→ What you need to do:
Your answer should repeat exactly the lines from the one holding "Mute Swan Computer" through the end of the data, and it should contain no pictures.

→ Data supplied:

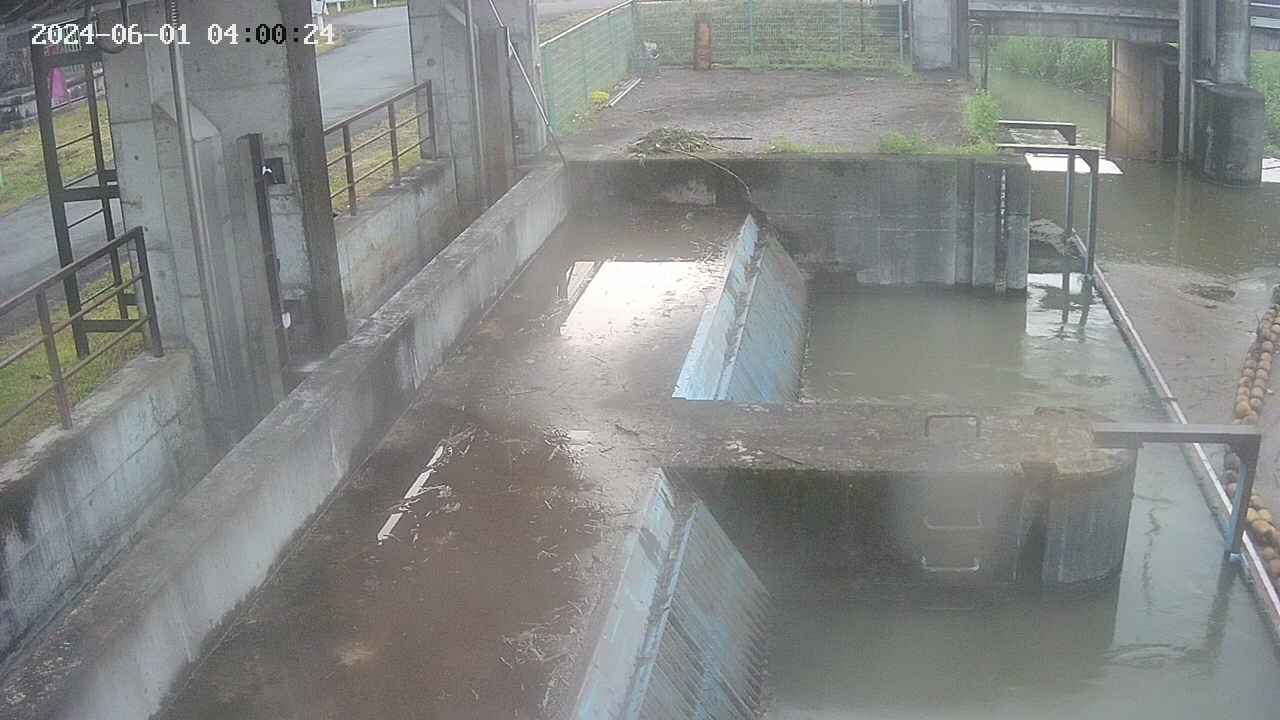 area2-20240601040024.jpg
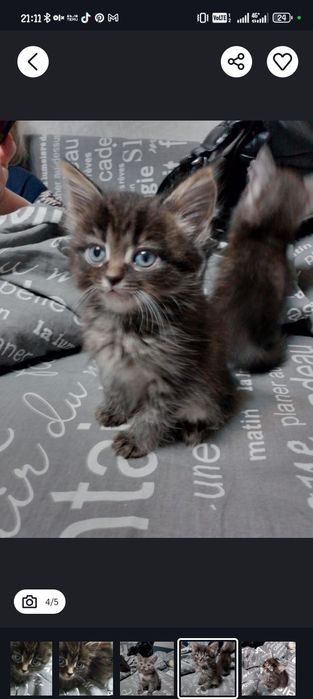 Отдам котёнка в хорошие руки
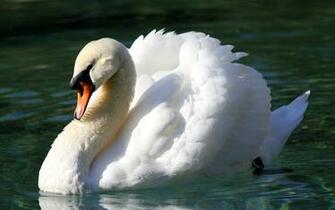 Mute Swan Computer Wallpaper Desktop Background Id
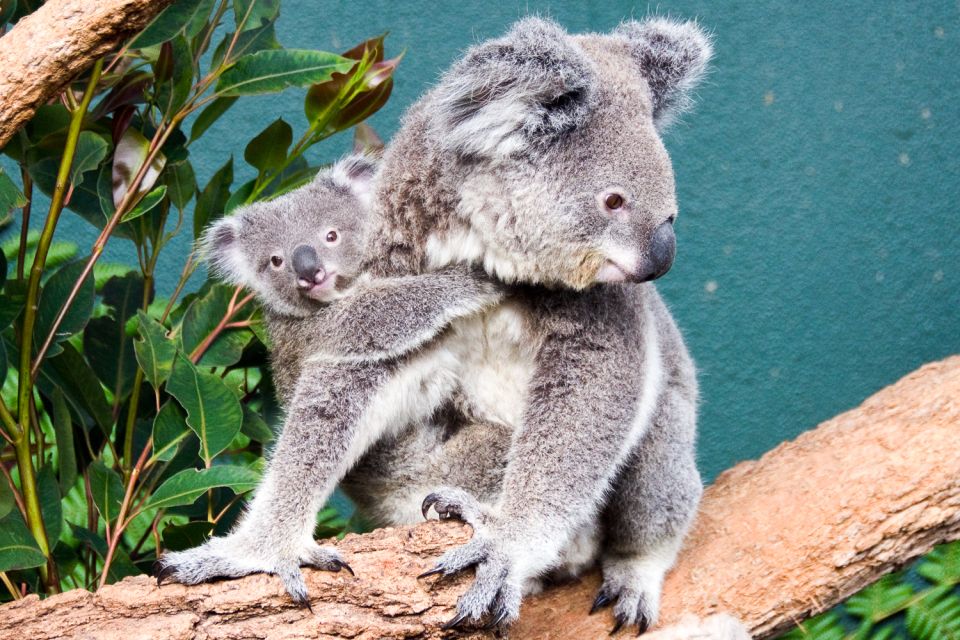 WILD LIFE Sydney Zoo - Who should book WILD LIFE Sydney Zoo?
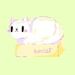 ShopBoxcat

→ Your response:
 Mute Swan Computer Wallpaper Desktop Background Id
 WILD LIFE Sydney Zoo - Who should book WILD LIFE Sydney Zoo?
 ShopBoxcat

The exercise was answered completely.